Sanatorium, Istanbul: Silver Planet

Orhan Cem Çetin – Silver Planet

One of the most prominent figures in the art of contemporary photography in Turkey, Orhan Cem Çetin, returns with his bold and distinctive style. 

Having reached a simplified, pure, straight visual style in his recent series, Çetin’s works shown at Sanatorium represent a sharp turn as though completing a cycle. These new works are much more personal, gloomy and novel, yet highly reminiscent of his earliest works.

Entitled Silver Planet, the new series reflect the artist's highlights from his last three years and is essentially a visual archive of his memory. The title refers to the silver grains which form the main ingredient of the first step of the elaborate technique utilized in this project. The long and arduous process passes several times between chemistry, optics, electronics and painting, using water, sunlight, artificial light, artificial intelligence, will and often chance, and finally casts itself on paper as a mental representation, an imaginary memento of memorable times. 

 The artist says, “While the speed of life is accelerating with a rhythm unbearable for the human mind, the response to this destructive speed, on the contrary, should probably be rather slow.” 

The resulting language and the stories told comprise a mix of all the visual paths the artist has ever pursued combined with the visual records of the scenes he has experienced. 

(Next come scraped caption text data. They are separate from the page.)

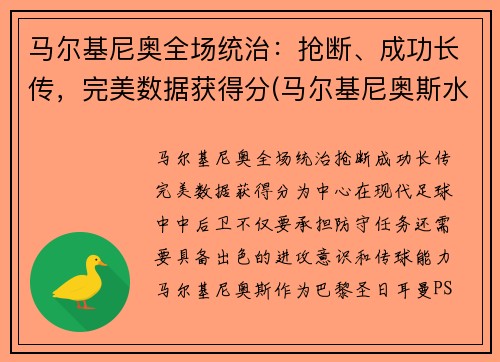 马尔基尼奥全场统治：抢断、成功长传，完美数据获得分(马尔基尼奥斯水平)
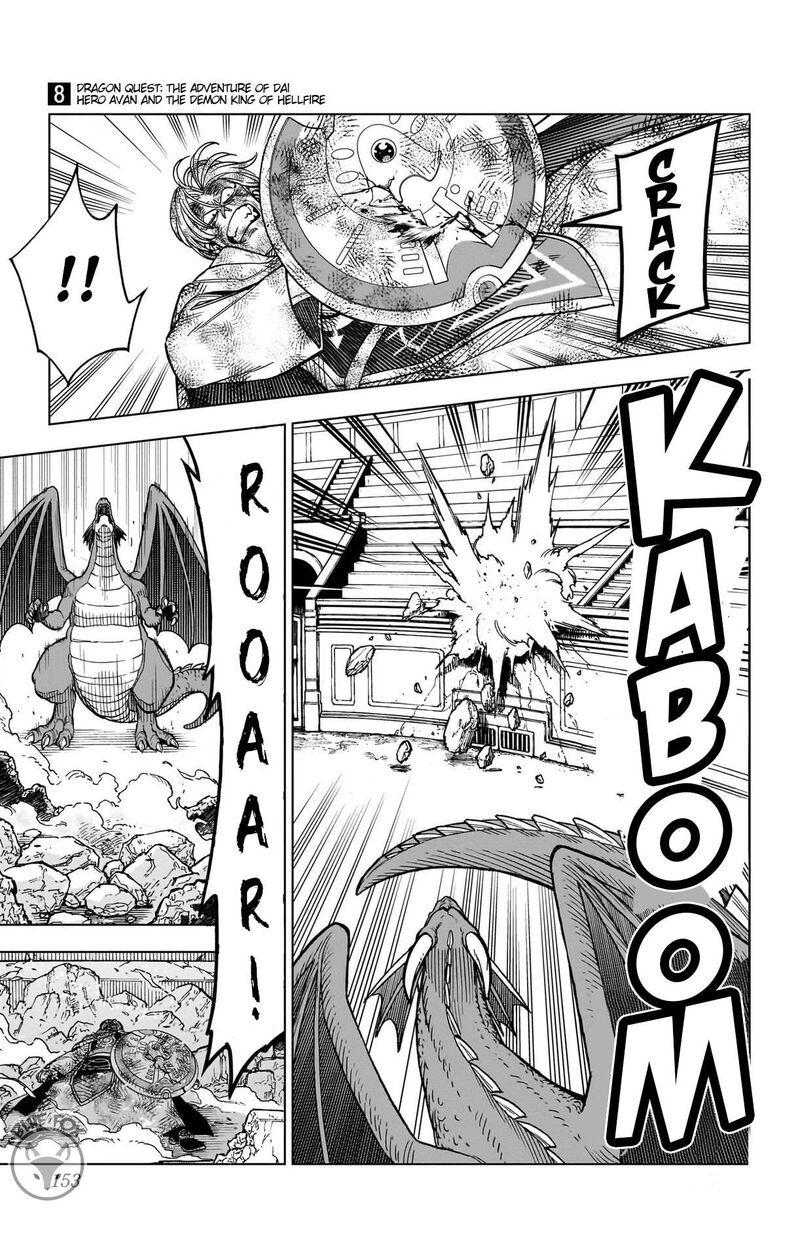 Dragon Quest Dai No Daibouken Yuusha Avan To Gokuen No Maou Chapter 32 Page 7
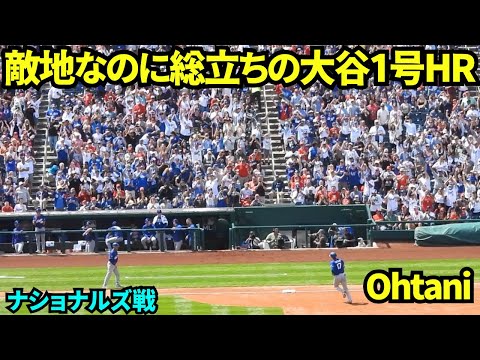 大谷1号ホームランは敵地なのにファン総立ちの圧巻の光景!!敵ファンも待望のHR!! 【現地映像】2026年4月3日 ドジャースvsナショナルズ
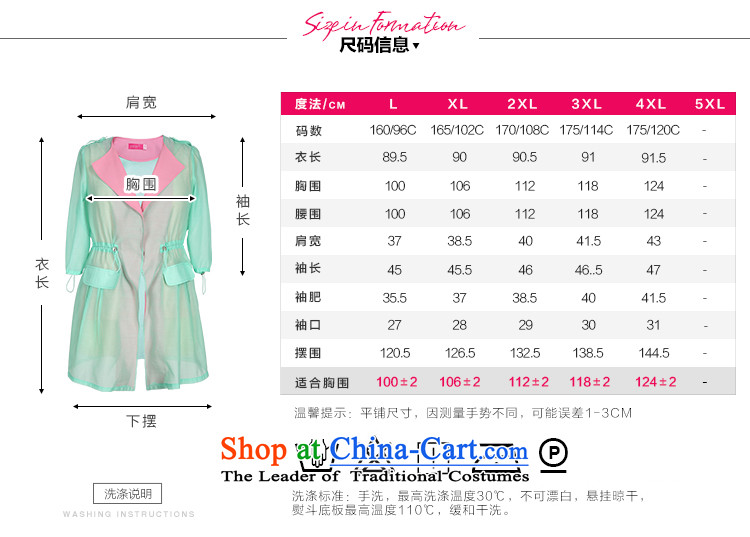 The former Yugoslavia Li Sau 2015 Summer new larger elasticated waist women in long-sleeved shirt of 7 air-conditioned jacket coat Q5371 GREEN XL Photo, prices, brand platters! The elections are supplied in the national character of distribution, so action, buy now enjoy more preferential! As soon as possible.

Orhan Cem Çetin: Born in 1960 in Istanbul, Orhan Cem Çetin graduated from Boğazici University’s Department of Psychology, followed by an MFA degree of Visual Communication Design at Istanbul Bilgi University. With his 1993 Renk’Arnasyon series Çetin entered the canon of Turkish art history as the first artist to use the computer manipulated photography in his work.  In addition to numerous solo and group exhibitions,  his works are currently featured in 'Past and Future', the permenant collection exhibition at Istanbul Modern Art Museum,curated by Levent Çalıkoğlu in 2013. His most recent solo exhibition e at Plato Sanat was curated by Marcus Graf.